Provided records:
--- START ---

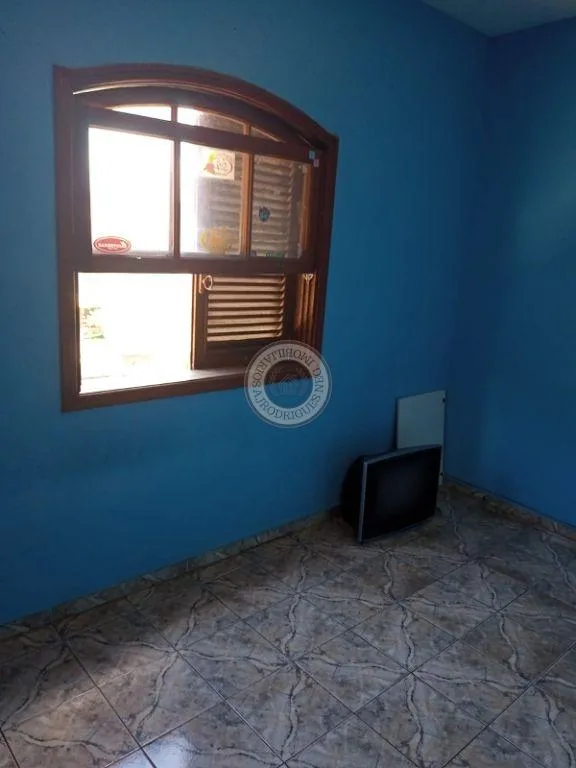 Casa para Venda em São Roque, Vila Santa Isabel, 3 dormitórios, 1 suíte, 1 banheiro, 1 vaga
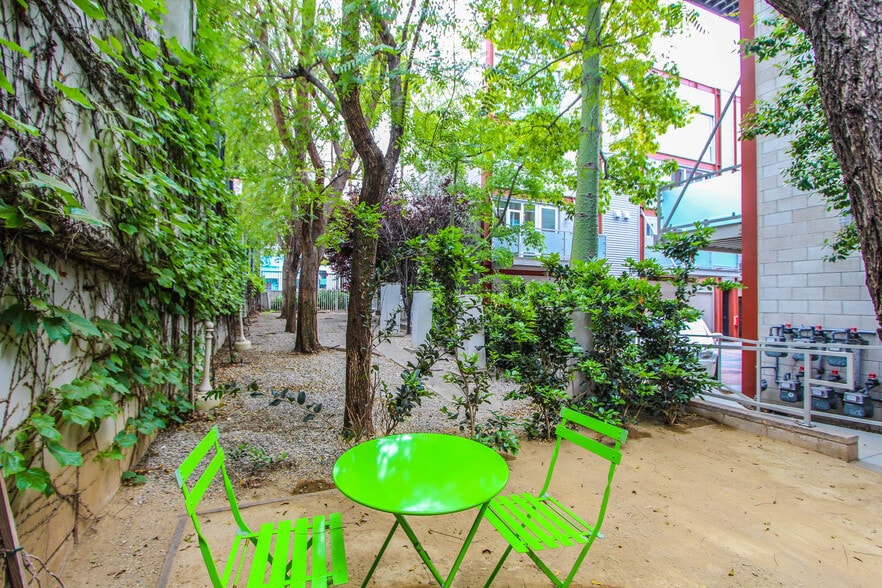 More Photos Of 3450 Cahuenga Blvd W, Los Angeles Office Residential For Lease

--- END ---
--- START ---

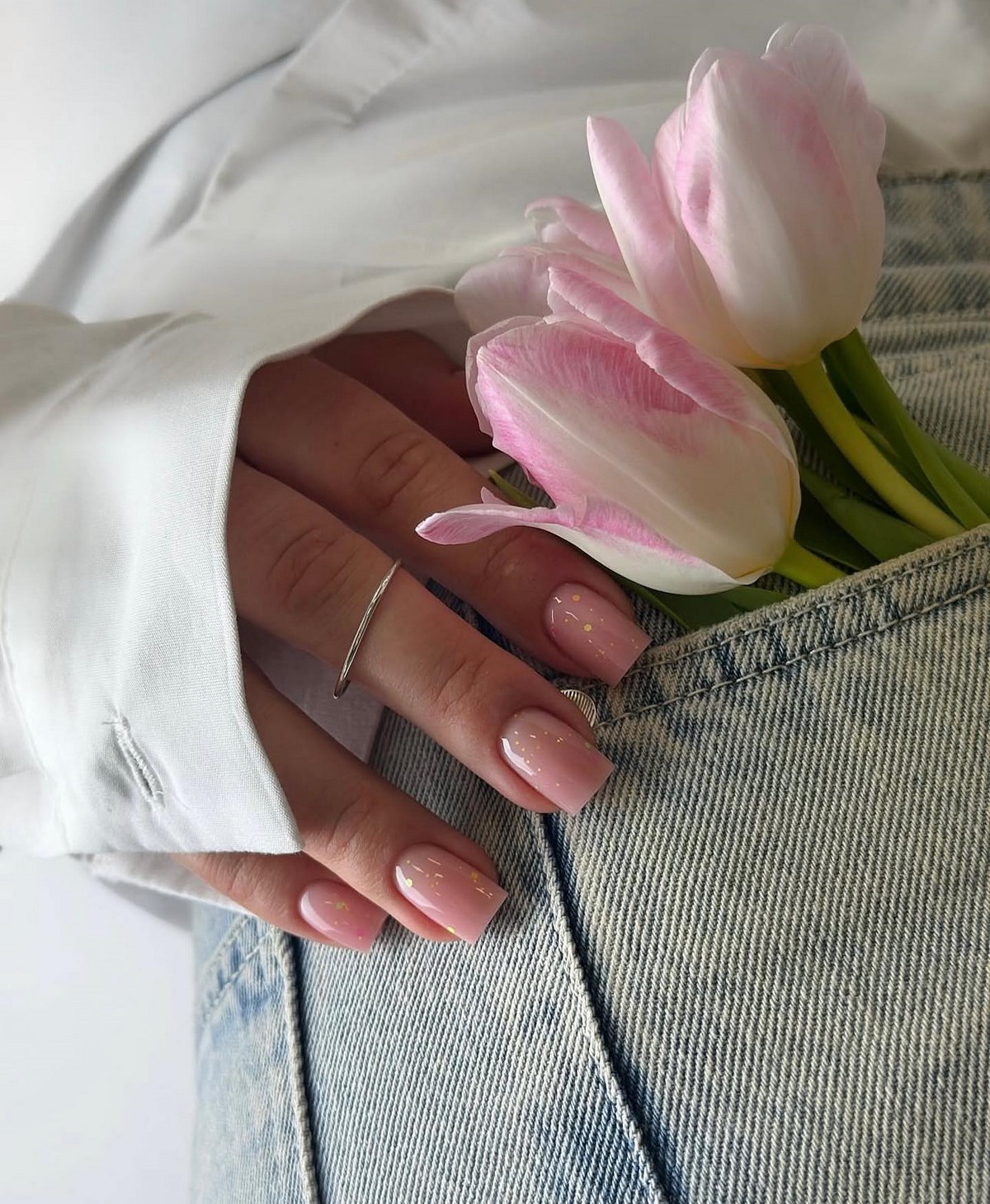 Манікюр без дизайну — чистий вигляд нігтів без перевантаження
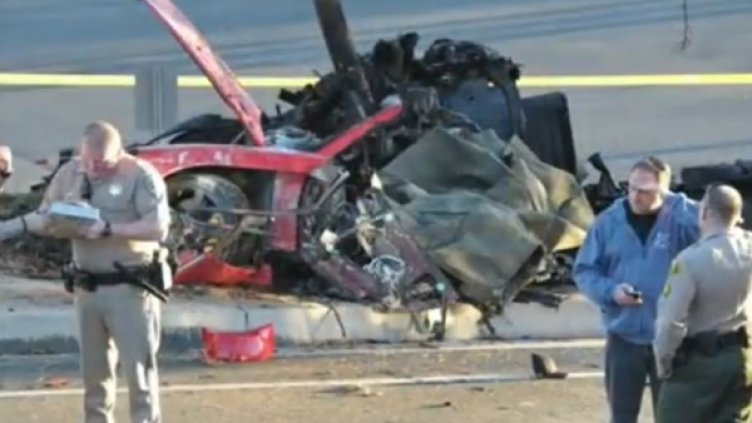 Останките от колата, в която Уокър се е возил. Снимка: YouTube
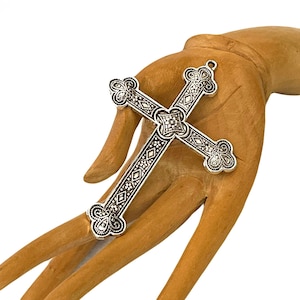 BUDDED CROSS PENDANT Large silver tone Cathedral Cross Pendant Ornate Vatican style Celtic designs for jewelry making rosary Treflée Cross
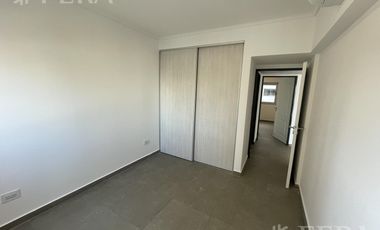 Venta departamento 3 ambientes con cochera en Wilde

--- END ---
--- START ---

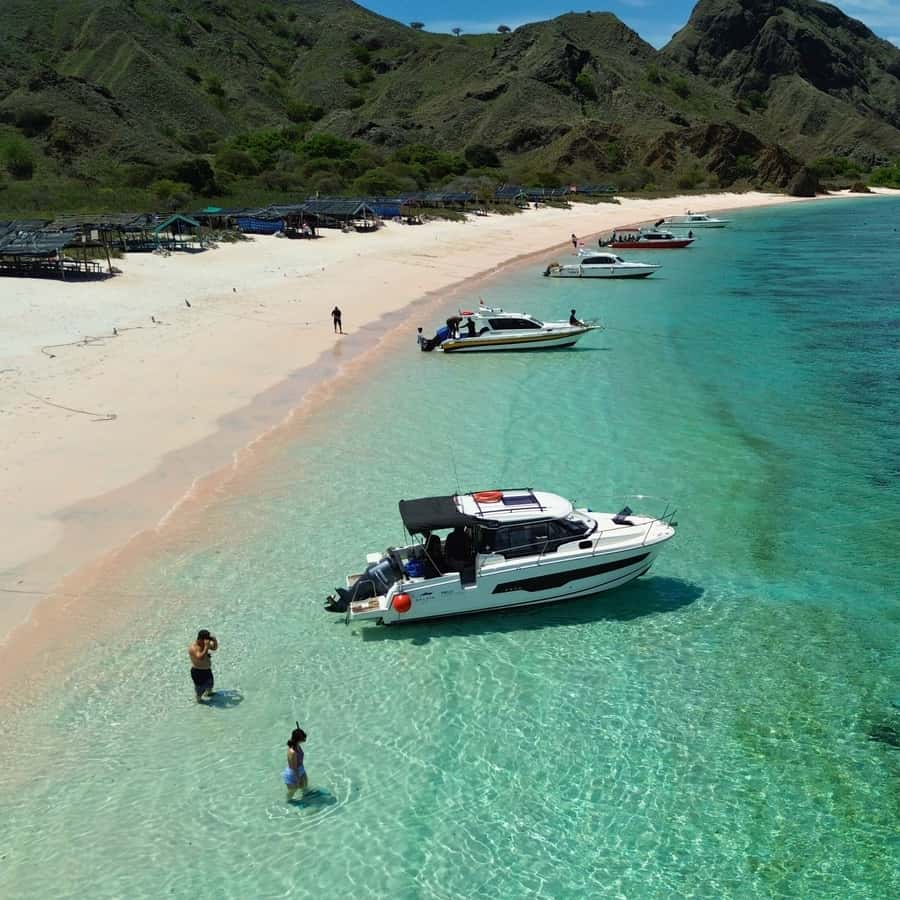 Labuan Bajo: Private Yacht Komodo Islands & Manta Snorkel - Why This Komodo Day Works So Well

--- END ---

About this task: Starting at the line with "Манікюр без дизайну" and finishing at the line with "Venta departamento 3", copy the material above exactly, both lines included. Nothing else goes in, and no pictures.

Answer below:
 Манікюр без дизайну — чистий вигляд нігтів без перевантаження
 Останките от колата, в която Уокър се е возил. Снимка: YouTube
 BUDDED CROSS PENDANT Large silver tone Cathedral Cross Pendant Ornate Vatican style Celtic designs for jewelry making rosary Treflée Cross
 Venta departamento 3 ambientes con cochera en Wilde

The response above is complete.